Research & History
It was when I lived in Norway that I came across the history of the witch trials in Finnmark in Northern Norway. I was shocked by their intensity. During the seventeenth century, out of a population of 3000, 135 persons were tried, and 91 executed. 77 of those were women, 14 men. The women were mainly the wives of Norwegian fishermen, a few women were Sámi, but all the men executed were Sámi. These statistics were much higher per capita than the European average for witch persecutions and matched other hotspots such as Scotland and Germany.

I imagined the fear and paranoia that must have raged through such a small population in this bleak outpost of the Danish/Norwegian empire. During the 1600s in Finnmark, witch hunting mania flared up with clusters of trials every few years. It was one of these witch panics in the winter of 1662/3 which particularly occupied me. As I read through the trial transcripts I was horrified to learn that six girls – the youngest of whom was 8 – had been accused and convicted of witchcraft.

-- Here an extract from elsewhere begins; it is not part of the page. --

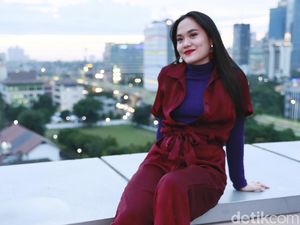 Ingin Rasakan Kerinduan, Sheryl Sheinafia Tinggalkan Gitar untuk Sementara Ingin Rasakan Kerinduan, Sheryl Sheinafia Tinggalkan Gitar untuk Sementara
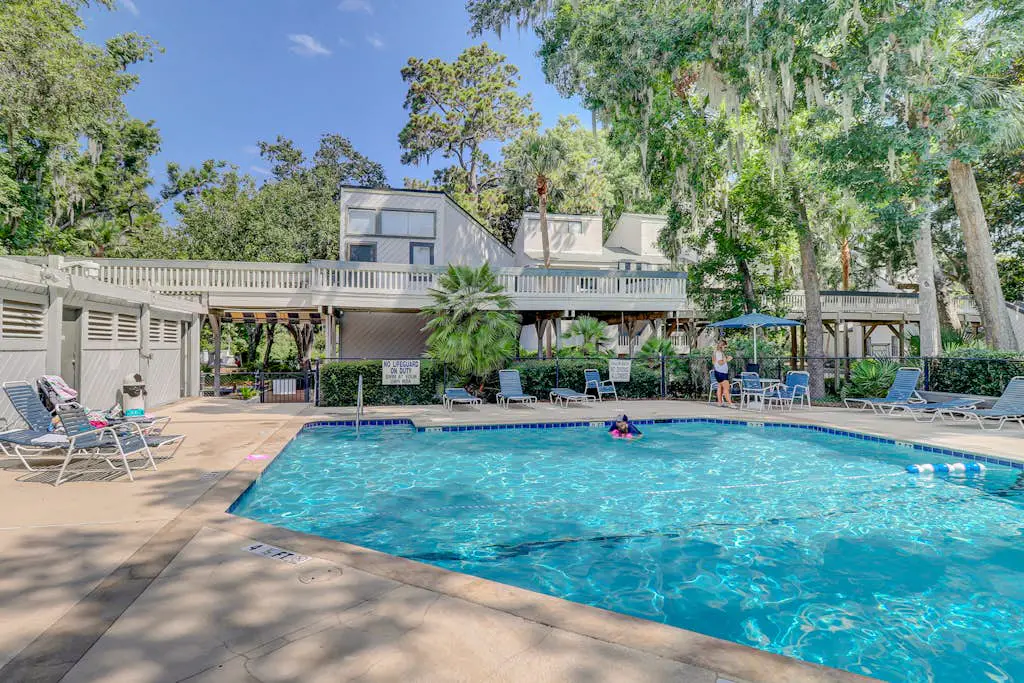 Inviting Condo with pool, tennis court and close to Coligny Plaza and Beach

These girls had also testified against their own mothers and aunts. Fortunately, the girls did not burn at the stake, as an appeal judge was called from Copenhagen to determine their fate, but it is clear the Governor of Vardo did wish them to be executed alongside their mothers as he considered that they had turned to the Devil and might corrupt other children. I believe it was the islanders themselves who protested against the burning of children.
I needed to understand how this could have happened? Why were the witch hunts so ferocious in the north of Norway?
I remember standing on the beach at Ekkerøy under the midnight sun and wondering if anyone would ever want to read this book. Was it too much? But then as I looked at the feed on my phone, I read that another woman had been accused of witchcraft, put on trial, and executed in her village in India that very day. The story of the witch hunts of the past are still chillingly relevant for the world we live in now.

The Steilneset Memorial which honours everyone who lost their lives to the witch trials.